Gentilmente ragalatomi da Tiziano.
sergio.T
00lunedì 28 luglio 2008 12:10
Lo spirito e altri briganti
Un animale misterioso si aggira per i boschi. E nelle tenebre, tra lugubri lamenti, scivola un fantasma. Sono molti i misteri custoditi dall'Appennino, monti aspri che il maresciallo Santovito ha imparato a rispettare e amare da quando, sul finire degli anni Trenta, vi si è trasferito. Col tempo è diventato uno del posto, ormai è uno dei vecchi, e ha visto cambiare più volte il paese. Soprattutto ha sentito e raccontato tante storie di banditi e briganti. E ora, memoria storica e narratore, rievoca spaziando tra gli anni e le epoche quelle storie "gialle" e le investigazioni "anomale".
sergio.T
00venerdì 19 settembre 2008 10:39
Icaro non e' niente di piu' che una lettura di passaggio.
sergio.T
00martedì 7 aprile 2009 14:33
Leggiamoci lo Spirito e altri briganti.
Un romanzo che immagino che abbia qualcosa di antico
sergio.T
00mercoledì 8 aprile 2009 09:44
sono antichi episodi di storie di montagna.
Benedetto Santovito commissario dei carabinieri viene trasferito in questo piccolo paesino degli Appennini: immancabilmente se ne innamorera'.
Usi, tradizioni, storie, persone, luoghi, montagne, sentieri, cascine, boschi. Un universo diversissimo da Bologna.
E i montanari: gente seria, di poche parole, che va' per le spicce.

"Un padre che in alcune occasioni non sa picchiare un figlio e' un padre che non sa farsi rispettare" detto montanaro, tanto per intenderci.
sergio.T
00mercoledì 8 aprile 2009 09:48
Guccini riporta lo spirito di montagna e cosi' Loriano Macchiavelli. Conoscono bene - e si vede - la gente di montagna.

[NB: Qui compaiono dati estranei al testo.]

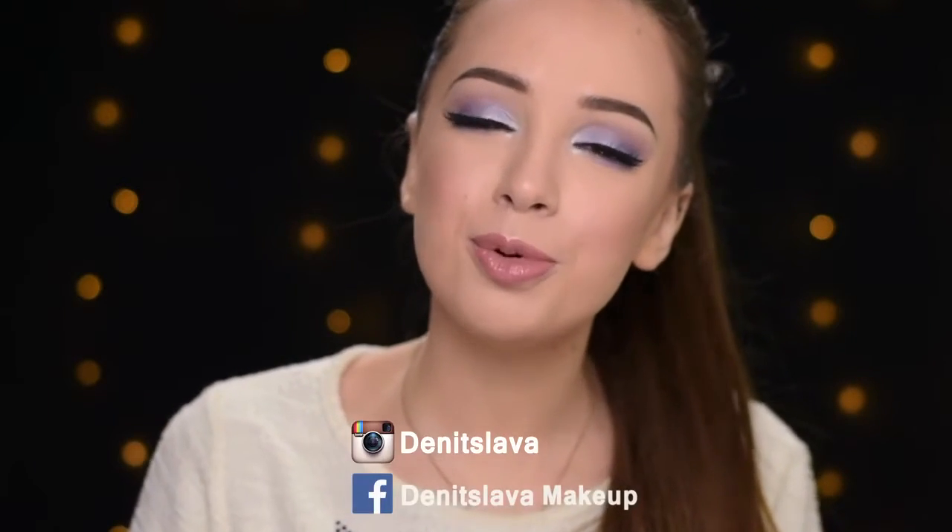This is the completed look. I really love that lilac color on my eyes, and the fact that the eyeshadow is a little bit shimmery makes it even more beautiful. I hope you guys enjoyed watching this video — if you did, please don't forget to give it a thumbs up and subscribe to my channel. You can also follow me on Instagram and Facebook where I upload close-up photos of my makeup and some quick eye makeup tutorials. Links are down in the description box. Thank you so much for watching and I'll see you guys in my next video!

Chiusa; diffidente; che tiene la distanza; pratica; di poche parole; che si da' da fare da sola; che si alza la mattina alle 5 anche d'inverno; che lavora e non parla; che alla sera si raccoglie intorno al fuoco in trattoria; che mangia sano e beve sano; che va' per le spicce; che non si perde in parole e in discorsi; che si fa' i fatti suoi; che e' violenta quando ci vuole; che tira fuori il fucile senza pensarci due volte.

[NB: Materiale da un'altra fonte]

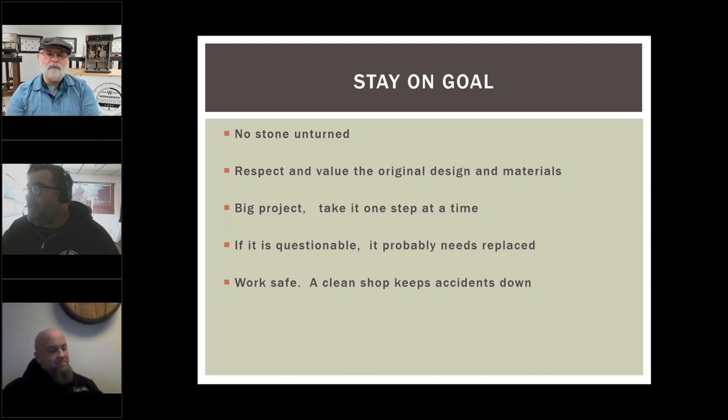Let's move to the next slide — we've got questions building up. To reiterate: no stone unturned. Don't send a machine out — or do it for yourself — without inspecting everything. We got a good tip from Don Berquist: take a Sharpie and write all changes inside the top panel. Absolutely — that's a good one. Respect the value of the original design and materials. Those guys have sometimes spent millions of dollars designing a piece of equipment and making it safe. Don't assume you can come along and redesign it and do better. Respect what work they put into it.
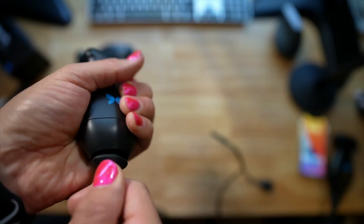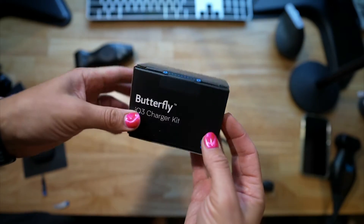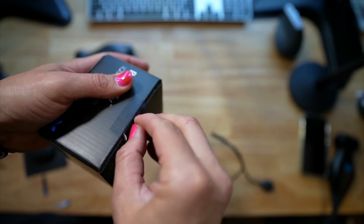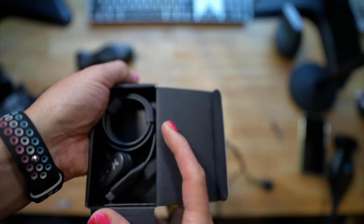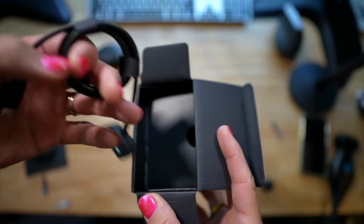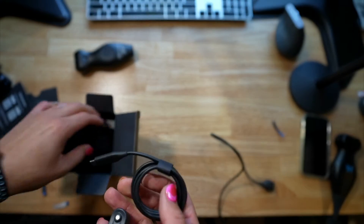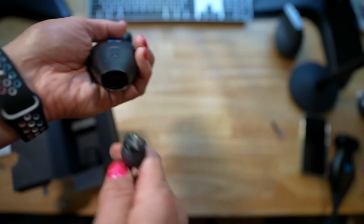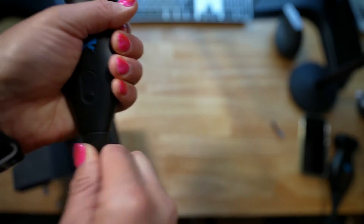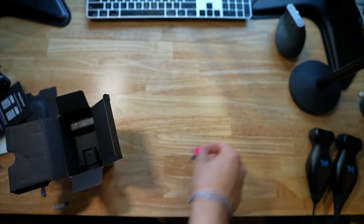We also got a charging kit — let's see what's in there. It looks like the wireless charger, which is quite a different form factor relative to the old charger for the IQ Plus, the penultimate edition.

Gente di razza superiore, insomma.
sergio.T
00mercoledì 8 aprile 2009 09:59
Ieri sera leggendo mi sono ricordato di una discussione invernale su' in montagna con tre vecchietti ( si fa per dire) con due mani ciascuno da assomigliare a badili: " ue', milanesi, voi venite qui a fare discorsi, a parlare, a noi che da sempre siamo rimasti da soli quassu' in montagna. Noi che siamo cresciuti a bere acqua dalla grundera, a noi che d'inverno conoscevamo il fuoco. E adesso venite qui a dire questo e quello, a dire che le cose stanno in questo modo e non nell'altro, a dire quello che noi qui in montagna dobbiamo fare.

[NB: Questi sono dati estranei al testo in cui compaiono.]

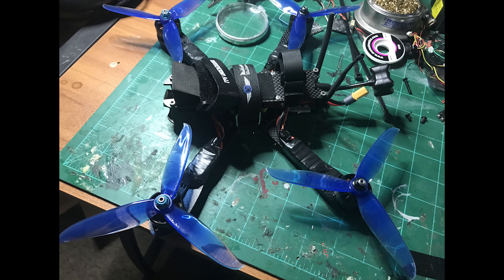What's up guys, CRC back with you. Remember those death rolls and the CL Racing F4S? That's it right there — pre-capacitor on the Race Star 32 BL Heli 32 ESCs that you can see here. This is the fully built six inch test frame that I got those ESCs on.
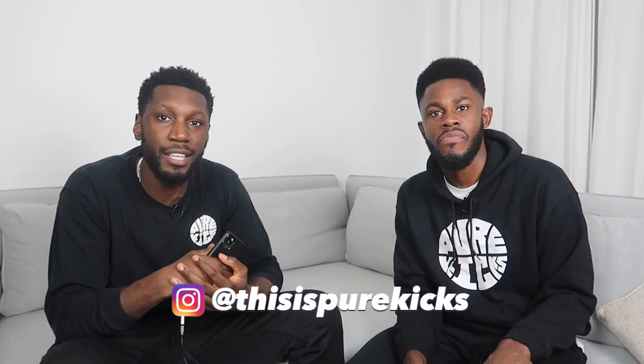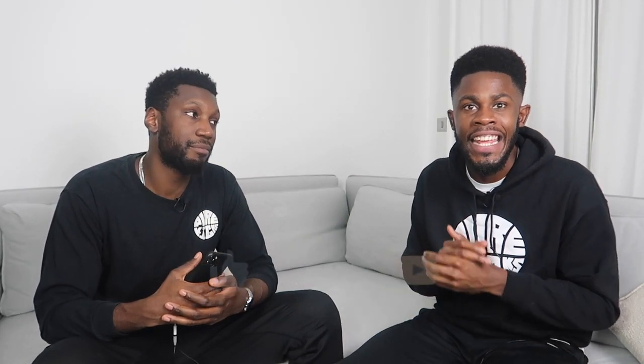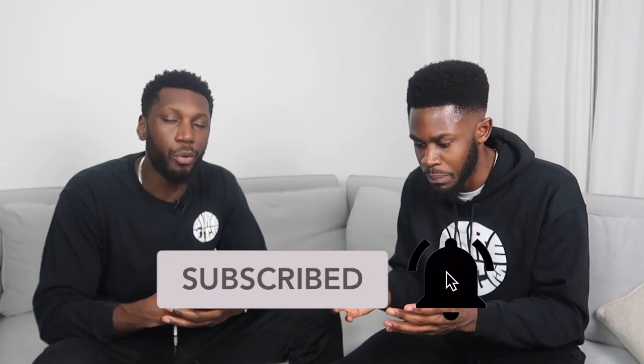That's all the questions for now, but you know how this works. Head over to Instagram, follow us at This Is Pure Kicks, and keep an eye on the story for the question box. When we say Quick Pure Kicks Q&A, we mean it — you might get a shoutout, as long as your question is good. We're not answering questions twice, so get creative. Like this video, comment your thoughts — especially on the KD and Kyrie collab. Subscribe and hit the bell. Don't ask questions in the comments — head to Instagram for that. We're Pure Kicks, let's get it.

Si venite a casa nostra a dircelo che tiriamo fuori il fucile"

Ecco la traduzione piu' o meno dal dialetto e' questa; e anche il senso e' questo.
Il senso di come queste comunita' sono ancora le uniche isole non omologate da questo sistema. Il senso di gente che non ne vuole sapere di lavaggi del cervello, di modernita', di un mondo fondato sull'arte della parola. Sulle chiecchere inutili e imbroglione.
Questa e' gente che va' per le spicce, lo si vede immediatamente.
sergio.T
00giovedì 9 aprile 2009 09:06
Non si dimentica
Il racconto del Posto Regina finisce nel modo che meglio non poteva finire.
Sintesi: un giovane montanaro si reca a Bologna per alcuni studi. Il giorno prima di partire per casa viene assalito da due delinquenti ed accoltellato.
Si salva, esce dopo la degenza in ospedale e viene accompagnato da Sarti Antonio ( l'altro grande commissario di Macchiavelli) in stazione per prendere il treno che lo riportera' sui monti.
Il commissario si scusa per non avere potuto fare nulla per arrestare i delinquenti, ma dice che tutto nella vita passa.
Il ragazzo lo saluta ma poi- non a caso - perde il treno e di giorno in giorno gironzola per Bologna.
Non bisogna dimenticare che il ragazzo e' un montanaro e i montanari hanno un personalissimo senso della giustizia.
sergio.T
00martedì 14 aprile 2009 16:35
Finito lo Spirito e altri Briganti.
Il prossimo di Guccini sara' Tango e gli altri?